Ingest data with Azure Databricks

Completed

Before you can work with data in Azure Databricks, you need to ingest data into the platform. Once in the platform, the cloud-based compute allows you to process large volumes of data efficiently.

Data in Azure Databricks is stored using Apache Delta Lake, an open source system for managing data files on which relational tables can be defined and queried. The actual storage location for the delta lake files can vary. Azure Databricks supports connecting to cloud data storage services such as Azure Storage and Azure Data Lake. Azure Databricks also provides Unit Catalog as a governance solution for managing and tracking data access and lineage across multiple connected data stores.

Screenshot of adding data to Azure Databricks.
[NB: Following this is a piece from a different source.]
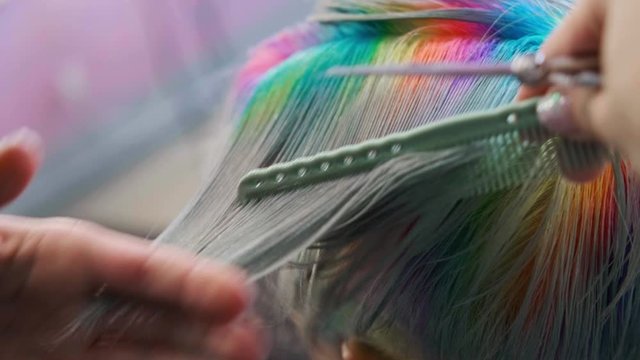 The hairdresser cuts dyed hair female client with scissors. A short pixie haircut and shaved temples . Ornament on the hair.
There are multiple ways to ingest data into Azure Databricks, making it a versatile and powerful tool for data analysis, including:

  • Uploading local files: The simplest way to ingest small volumes of data into the Azure Databricks environment is to upload files and load the data they contain into delta lake tables.
  • Apache Spark APIs: Apache Spark is the native compute platform for Azure Databricks, and it supports APIs for multiple programming languages, such as Scala, Java, PySpark (a Spark-optimized variant of Python), and SQL. For simple ingestion of data in remote storage, you can write code that connects to and imports the required data.
  • Built-in workflow orchestration: You can use Azure Databricks' built-in workflow orchestration to define and run jobs. Jobs run code on an Apache Spark cluster to automate the process of connecting to external data sources and extracting, transforming, and loading data into files and tables in the delta lake storage used in your workspace.
  • Delta Live Tables: Delta Live Tables is another data ingestion and transformation solution in Azure Databricks tat is particularly useful for ingesting streams of live, real-time data into delta lake tables.
  • Azure Data Factory: Azure Data Factory is a robust data integration service that allows you to create data pipelines. These pipelines can ingest data from various sources into Azure Databricks, ensuring that all your data is centralized and ready for analysis.
  • Azure Event Hubs and IoT Hubs: For real-time data ingestion, Azure Event Hubs and IoT Hubs are the most suitable choices. They enable you to stream data directly into Azure Databricks, allowing you to process and analyze data as it arrives. Real-time data ingestion and analysis is useful for scenarios like monitoring live events or tracking Internet of Things (IoT) device data.